El fanfarrón
Fue un fanfarrón. Cristóbal Colón era, además de un aventurero, además de un osado, además de un tipo cultivado, además de todo eso, era un fanfarrón; uno de esos especímenes de la raza humana que se heredan, generación tras generación, y se encuentran en cualquier rincón del tiempo, en cualquier lugar del mundo, exhibiendo contentos su condición de fantasmas. Cuando volvió de su primer viaje a América, se paseó por Sevilla, se pavoneó por las calles en su entrada triunfal con una corte de indígenas asustados, papagayos de colores, cestos de frutas, flores desconocidas y, lo más importante, unas bolsitas con pepitas de oro.

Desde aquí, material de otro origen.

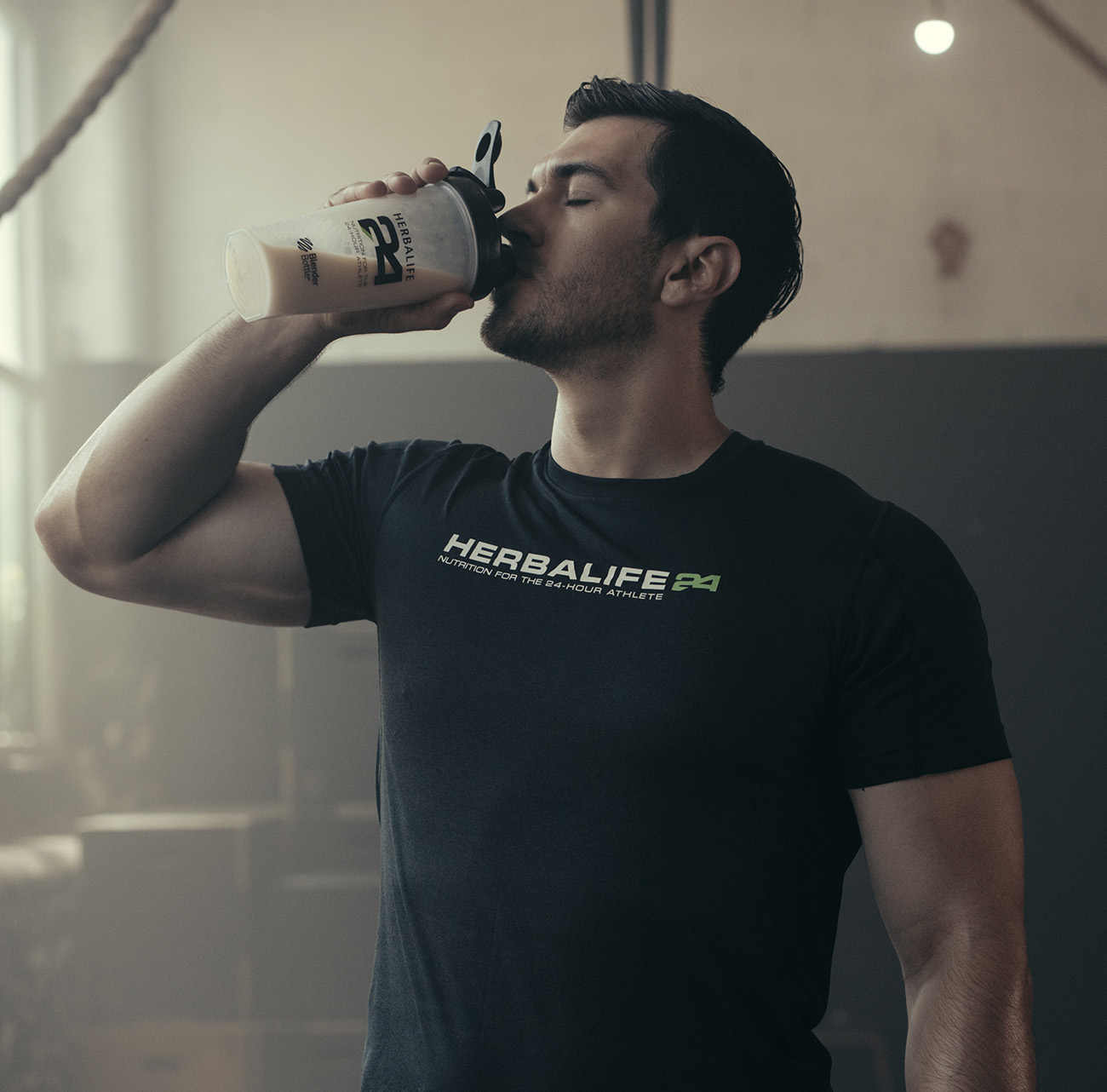 Man drinking protein shake after workout.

Y como Colón era de natural jactancioso, no se limitó a mostrar abiertamente aquel presente como un pequeño tesoro encontrado en las Indias, sino que se puso a contarle a todos que la tierra conquistada era tan rica en oro que cualquiera podría llenar un saco de oro con una pala, como en España se podía llenar un saco de arena o de tierra. El resultado de la fanfarronería lo cuenta muy bien Stefan Zweig en sus Momentos estelares de la Humanidad, porque el reclamo del descubrimiento del Nuevo Mundo no sólo atrajo a nobles honrados y aventureros audaces, sino todos los desechos del momento: «Toda la mugre y la escoria de España mana hacia Palos y hacia Cádiz. Ladrones marcados a fuego, salteadores de camino, bandoleros que en el país del oro buscan dedicarse a un oficio más lucrativo. Hombres cargados de deudas que quieren escapar de sus acreedores. Maridos desesperados que quieren huir de sus pendencieras esposas. Todos los desesperados, los huérfanos de la vida».

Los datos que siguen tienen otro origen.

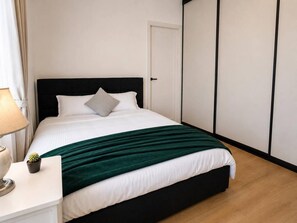Ein ordentlich bezogenes Bett mit dunklem Kopfteil, weißer Bettwäsche und einer grünen Decke.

Las sucesivas conquistas de América, desde el descubrimiento del Pacífico hasta la impresionante odisea de la derrota del imperio azteca, la protagonizan esos hombres que desembarcaron en la otra orilla del mar con sus barbas largas, el pecho enlatado y un puñado de estandartes viejos. La superioridad de la civilización española y el cainismo salvaje de las tribus indígenas se encargaron de todo lo demás, hasta hacer posible que ejércitos de apenas unos centenares de personas se hicieran con el mando de aquellas tierras. No podría haber conquistado Hernán Cortés el imperio azteca si no fuera porque, a su llegada, todos los vecinos del todopoderoso Moctezuma encontraron en el conquistador español un arma poderosa para vengarse de él. La venganza indígena contra las batidas frecuentes que ordenaba su propio gobernante y que asolaba pueblos enteros para consagrarlos al sacrificio de los dioses y al canibalismo. Se van uniendo factores y surge la conquista de América resumida en una sola frase, la del historiador Will Durant, que sirve de marco a la película Apocalypto: «Una gran civilización no es conquistada desde fuera si antes no se destruye ella misma desde dentro».
Lo peor de la leyenda negra es que lo reduce todo; primero, al agravio, al enfrentamiento, y luego a la insoportable dictadura de lo políticamente correcto. Es el absurdo de analizar las conquistas de hace cinco siglos con los parámetros sociales, morales y éticos de hoy, con lo que la historia de la humanidad queda reducida siempre a conceptos y valores posteriores que nada tienen que ver con la época. Hoy es doce de octubre: celebremos la historia, desechemos los complejos. Y, sobre todo, aprendamos del pasado, de cómo se destruyen a sí mismas las civilizaciones.